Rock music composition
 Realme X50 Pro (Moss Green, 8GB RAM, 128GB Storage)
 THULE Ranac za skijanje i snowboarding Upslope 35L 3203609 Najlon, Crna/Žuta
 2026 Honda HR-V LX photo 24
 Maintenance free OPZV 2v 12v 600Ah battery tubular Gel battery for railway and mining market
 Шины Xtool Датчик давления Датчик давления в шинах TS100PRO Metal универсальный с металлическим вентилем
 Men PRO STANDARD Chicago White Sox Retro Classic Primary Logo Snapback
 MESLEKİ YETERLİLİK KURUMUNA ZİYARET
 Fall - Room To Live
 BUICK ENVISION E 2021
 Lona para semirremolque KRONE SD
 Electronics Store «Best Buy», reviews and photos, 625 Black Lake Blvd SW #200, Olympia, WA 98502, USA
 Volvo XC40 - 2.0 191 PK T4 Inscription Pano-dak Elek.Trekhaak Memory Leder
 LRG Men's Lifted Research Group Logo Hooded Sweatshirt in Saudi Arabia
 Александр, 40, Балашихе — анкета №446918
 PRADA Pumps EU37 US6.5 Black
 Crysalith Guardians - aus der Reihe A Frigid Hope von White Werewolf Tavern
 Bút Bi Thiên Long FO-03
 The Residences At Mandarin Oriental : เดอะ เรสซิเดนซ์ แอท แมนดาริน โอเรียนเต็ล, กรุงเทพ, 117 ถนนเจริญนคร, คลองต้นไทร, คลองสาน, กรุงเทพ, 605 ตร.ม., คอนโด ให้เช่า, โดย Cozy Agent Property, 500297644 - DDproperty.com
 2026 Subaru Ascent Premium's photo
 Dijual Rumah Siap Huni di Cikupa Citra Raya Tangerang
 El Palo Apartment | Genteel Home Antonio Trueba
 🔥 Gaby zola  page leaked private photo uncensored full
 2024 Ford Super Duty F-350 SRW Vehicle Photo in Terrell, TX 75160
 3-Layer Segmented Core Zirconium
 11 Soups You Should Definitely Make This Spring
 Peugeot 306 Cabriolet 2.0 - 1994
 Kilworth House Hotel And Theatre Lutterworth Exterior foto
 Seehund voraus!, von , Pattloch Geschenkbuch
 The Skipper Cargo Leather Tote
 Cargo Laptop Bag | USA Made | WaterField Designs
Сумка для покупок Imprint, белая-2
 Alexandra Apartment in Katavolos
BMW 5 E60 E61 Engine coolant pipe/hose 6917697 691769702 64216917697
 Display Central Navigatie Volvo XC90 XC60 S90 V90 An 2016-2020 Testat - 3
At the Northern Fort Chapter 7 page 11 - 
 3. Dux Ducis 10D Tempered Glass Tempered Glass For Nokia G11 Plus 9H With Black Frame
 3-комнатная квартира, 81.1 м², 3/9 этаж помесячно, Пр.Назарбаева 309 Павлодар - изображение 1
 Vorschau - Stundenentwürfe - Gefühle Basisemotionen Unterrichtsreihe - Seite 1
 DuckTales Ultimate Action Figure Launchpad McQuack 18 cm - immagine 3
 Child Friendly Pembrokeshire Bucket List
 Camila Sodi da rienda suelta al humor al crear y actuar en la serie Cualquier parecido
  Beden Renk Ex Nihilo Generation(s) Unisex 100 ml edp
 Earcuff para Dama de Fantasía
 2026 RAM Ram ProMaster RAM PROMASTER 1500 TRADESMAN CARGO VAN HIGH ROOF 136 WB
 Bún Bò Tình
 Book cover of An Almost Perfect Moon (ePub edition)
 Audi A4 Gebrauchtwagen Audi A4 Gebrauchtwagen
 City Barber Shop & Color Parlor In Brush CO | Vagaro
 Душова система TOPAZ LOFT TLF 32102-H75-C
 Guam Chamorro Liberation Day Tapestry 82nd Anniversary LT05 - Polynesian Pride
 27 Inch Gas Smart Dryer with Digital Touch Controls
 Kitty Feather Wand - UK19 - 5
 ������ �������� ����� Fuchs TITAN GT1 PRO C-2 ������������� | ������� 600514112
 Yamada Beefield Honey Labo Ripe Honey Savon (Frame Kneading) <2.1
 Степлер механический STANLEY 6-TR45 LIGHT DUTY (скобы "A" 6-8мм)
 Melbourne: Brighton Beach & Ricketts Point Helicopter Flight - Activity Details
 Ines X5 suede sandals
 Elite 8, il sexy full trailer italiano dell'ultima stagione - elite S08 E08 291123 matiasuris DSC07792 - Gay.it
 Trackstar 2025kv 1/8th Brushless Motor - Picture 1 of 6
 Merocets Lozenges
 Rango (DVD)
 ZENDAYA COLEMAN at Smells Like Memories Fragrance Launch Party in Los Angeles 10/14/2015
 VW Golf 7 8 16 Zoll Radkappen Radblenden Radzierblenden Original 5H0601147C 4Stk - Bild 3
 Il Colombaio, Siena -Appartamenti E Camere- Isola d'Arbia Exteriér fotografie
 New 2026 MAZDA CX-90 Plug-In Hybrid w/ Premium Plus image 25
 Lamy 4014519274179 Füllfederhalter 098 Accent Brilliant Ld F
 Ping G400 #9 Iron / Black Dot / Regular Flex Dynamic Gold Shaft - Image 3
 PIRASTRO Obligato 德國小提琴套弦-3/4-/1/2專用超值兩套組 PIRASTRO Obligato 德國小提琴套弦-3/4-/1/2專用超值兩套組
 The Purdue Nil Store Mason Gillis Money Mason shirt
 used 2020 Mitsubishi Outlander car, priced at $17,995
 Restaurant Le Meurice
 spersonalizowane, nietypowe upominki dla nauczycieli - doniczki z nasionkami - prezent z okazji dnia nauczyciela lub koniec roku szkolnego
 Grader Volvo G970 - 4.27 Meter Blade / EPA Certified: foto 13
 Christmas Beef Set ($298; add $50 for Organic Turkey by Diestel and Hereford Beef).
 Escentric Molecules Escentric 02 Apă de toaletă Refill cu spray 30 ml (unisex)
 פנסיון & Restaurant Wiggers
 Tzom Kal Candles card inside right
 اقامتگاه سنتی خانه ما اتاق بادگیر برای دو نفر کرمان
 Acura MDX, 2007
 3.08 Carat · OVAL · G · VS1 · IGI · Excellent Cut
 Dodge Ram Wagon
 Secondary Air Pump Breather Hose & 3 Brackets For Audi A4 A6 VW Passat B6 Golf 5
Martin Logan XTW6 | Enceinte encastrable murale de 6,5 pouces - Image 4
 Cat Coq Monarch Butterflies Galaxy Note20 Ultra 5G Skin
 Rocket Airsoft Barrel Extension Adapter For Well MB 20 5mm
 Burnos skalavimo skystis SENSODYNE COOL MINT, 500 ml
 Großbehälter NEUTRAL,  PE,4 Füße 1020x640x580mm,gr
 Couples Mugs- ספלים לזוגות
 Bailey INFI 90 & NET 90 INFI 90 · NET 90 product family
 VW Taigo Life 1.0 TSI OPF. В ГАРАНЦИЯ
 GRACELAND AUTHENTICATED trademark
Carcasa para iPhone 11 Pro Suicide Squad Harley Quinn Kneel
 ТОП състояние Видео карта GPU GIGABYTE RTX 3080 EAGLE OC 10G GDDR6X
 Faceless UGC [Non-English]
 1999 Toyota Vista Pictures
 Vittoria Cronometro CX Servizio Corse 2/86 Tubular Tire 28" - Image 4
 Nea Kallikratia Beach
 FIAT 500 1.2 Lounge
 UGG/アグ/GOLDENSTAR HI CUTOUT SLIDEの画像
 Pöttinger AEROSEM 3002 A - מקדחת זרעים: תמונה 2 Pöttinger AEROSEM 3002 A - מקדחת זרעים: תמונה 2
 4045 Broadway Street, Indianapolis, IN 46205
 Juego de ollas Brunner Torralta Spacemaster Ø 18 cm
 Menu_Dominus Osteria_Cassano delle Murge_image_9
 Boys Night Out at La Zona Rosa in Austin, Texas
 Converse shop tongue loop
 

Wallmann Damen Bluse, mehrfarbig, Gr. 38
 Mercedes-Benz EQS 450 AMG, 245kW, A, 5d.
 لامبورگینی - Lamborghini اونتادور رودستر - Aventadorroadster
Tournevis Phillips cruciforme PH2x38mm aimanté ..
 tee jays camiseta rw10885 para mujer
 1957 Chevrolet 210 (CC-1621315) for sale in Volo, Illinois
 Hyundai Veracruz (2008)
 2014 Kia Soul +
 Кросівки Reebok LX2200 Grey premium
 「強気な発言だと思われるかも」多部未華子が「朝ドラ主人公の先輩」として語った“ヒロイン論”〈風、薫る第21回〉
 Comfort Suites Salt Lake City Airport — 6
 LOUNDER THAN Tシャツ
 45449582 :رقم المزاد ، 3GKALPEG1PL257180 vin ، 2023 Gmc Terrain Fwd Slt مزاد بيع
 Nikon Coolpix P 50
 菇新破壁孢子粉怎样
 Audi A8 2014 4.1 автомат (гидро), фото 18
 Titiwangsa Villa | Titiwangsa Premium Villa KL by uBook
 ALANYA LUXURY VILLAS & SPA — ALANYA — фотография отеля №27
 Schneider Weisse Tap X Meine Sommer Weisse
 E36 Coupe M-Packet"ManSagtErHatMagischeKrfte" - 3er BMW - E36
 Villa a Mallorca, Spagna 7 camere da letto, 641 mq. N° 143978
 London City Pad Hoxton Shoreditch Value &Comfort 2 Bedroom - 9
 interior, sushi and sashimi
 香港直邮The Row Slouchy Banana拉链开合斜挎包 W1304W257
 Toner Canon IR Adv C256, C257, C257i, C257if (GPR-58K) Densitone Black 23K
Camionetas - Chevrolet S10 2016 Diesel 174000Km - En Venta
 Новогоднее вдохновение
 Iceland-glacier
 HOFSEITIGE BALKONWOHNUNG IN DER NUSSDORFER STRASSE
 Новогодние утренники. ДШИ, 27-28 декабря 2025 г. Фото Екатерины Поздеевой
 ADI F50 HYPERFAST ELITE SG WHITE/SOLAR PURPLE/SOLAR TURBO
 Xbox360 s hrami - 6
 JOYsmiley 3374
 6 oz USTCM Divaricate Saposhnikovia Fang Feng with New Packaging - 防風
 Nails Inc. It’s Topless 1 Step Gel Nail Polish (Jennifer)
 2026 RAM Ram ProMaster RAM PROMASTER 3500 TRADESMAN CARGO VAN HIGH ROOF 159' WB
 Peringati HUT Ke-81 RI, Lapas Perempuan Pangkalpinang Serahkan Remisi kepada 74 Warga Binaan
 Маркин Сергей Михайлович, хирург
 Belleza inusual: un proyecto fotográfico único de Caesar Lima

* **PROBLEM**
Look through the material above and print exactly the lines from the one containing "spersonalizowane, nietypowe upominki" to the one containing "GRACELAND AUTHENTICATED trademark", both included, and nothing more.

* **ANSWER BOX**
 spersonalizowane, nietypowe upominki dla nauczycieli - doniczki z nasionkami - prezent z okazji dnia nauczyciela lub koniec roku szkolnego
 Grader Volvo G970 - 4.27 Meter Blade / EPA Certified: foto 13
 Christmas Beef Set ($298; add $50 for Organic Turkey by Diestel and Hereford Beef).
 Escentric Molecules Escentric 02 Apă de toaletă Refill cu spray 30 ml (unisex)
 פנסיון & Restaurant Wiggers
 Tzom Kal Candles card inside right
 اقامتگاه سنتی خانه ما اتاق بادگیر برای دو نفر کرمان
 Acura MDX, 2007
 3.08 Carat · OVAL · G · VS1 · IGI · Excellent Cut
 Dodge Ram Wagon
 Secondary Air Pump Breather Hose & 3 Brackets For Audi A4 A6 VW Passat B6 Golf 5
Martin Logan XTW6 | Enceinte encastrable murale de 6,5 pouces - Image 4
 Cat Coq Monarch Butterflies Galaxy Note20 Ultra 5G Skin
 Rocket Airsoft Barrel Extension Adapter For Well MB 20 5mm
 Burnos skalavimo skystis SENSODYNE COOL MINT, 500 ml
 Großbehälter NEUTRAL,  PE,4 Füße 1020x640x580mm,gr
 Couples Mugs- ספלים לזוגות
 Bailey INFI 90 & NET 90 INFI 90 · NET 90 product family
 VW Taigo Life 1.0 TSI OPF. В ГАРАНЦИЯ
 GRACELAND AUTHENTICATED trademark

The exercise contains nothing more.